The Brain: The Story of You” by David Eagleman

The world is Maya, illusory. The ultimate reality, the Brahman, is all-pervading and all-permeating, which is colourless, odourless, tasteless, nameless and formless
Bhagavad Gita

## 1. Introduction

This post is a follow-up post to my earlier post Deep Learning from first principles in Python, R and Octave-Part 1. In the first part, I implemented Logistic Regression, in vectorized Python,R and Octave, with a wannabe Neural Network (a Neural Network with no hidden layers). In this second part, I implement a regular, but somewhat primitive Neural Network (a Neural Network with just 1 hidden layer). The 2nd part implements classification of manually created datasets, where the different clusters of the 2 classes are not linearly separable.

Neural Network perform really well in learning all sorts of non-linear boundaries between classes. Initially logistic regression is used perform the classification and the decision boundary is plotted. Vanilla logistic regression performs quite poorly. Using SVMs with a radial basis kernel would have performed much better in creating non-linear boundaries.
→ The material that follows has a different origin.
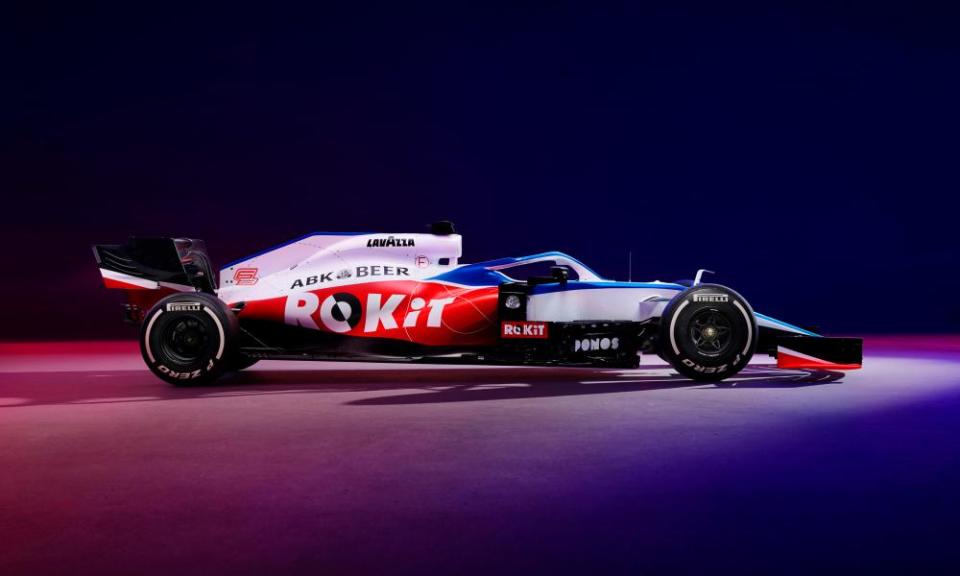 The Williams FW 43 is an evolution of the 2019 version.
To see R and Python implementations of SVMs take a look at my post Practical Machine Learning with R and Python – Part 4.

Checkout my book ‘Deep Learning from first principles: Second Edition – In vectorized Python, R and Octave’. My book starts with the implementation of a simple 2-layer Neural Network and works its way to a generic L-Layer Deep Learning Network, with all the bells and whistles. The derivations have been discussed in detail. The code has been extensively commented and included in its entirety in the Appendix sections. My book is available on Amazon as paperback ($18.99) and in kindle version($9.99/Rs449).

You may also like my companion book “Practical Machine Learning with R and Python:Second Edition- Machine Learning in stereo” available in Amazon in paperback($10.99) and Kindle($7.99/Rs449) versions. This book is ideal for a quick reference of the various ML functions and associated measurements in both R and Python which are essential to delve deep into Deep Learning.

Take a look at my video presentation which discusses the below derivation step-by- step Elements of Neural Networks and Deep Learning – Part 3

You can clone and fork this R Markdown file along with the vectorized implementations of the 3 layer Neural Network for Python, R and Octave from Github DeepLearning-Part2

### 2. The 3 layer Neural Network

A simple representation of a 3 layer Neural Network (NN) with 1 hidden layer is shown below.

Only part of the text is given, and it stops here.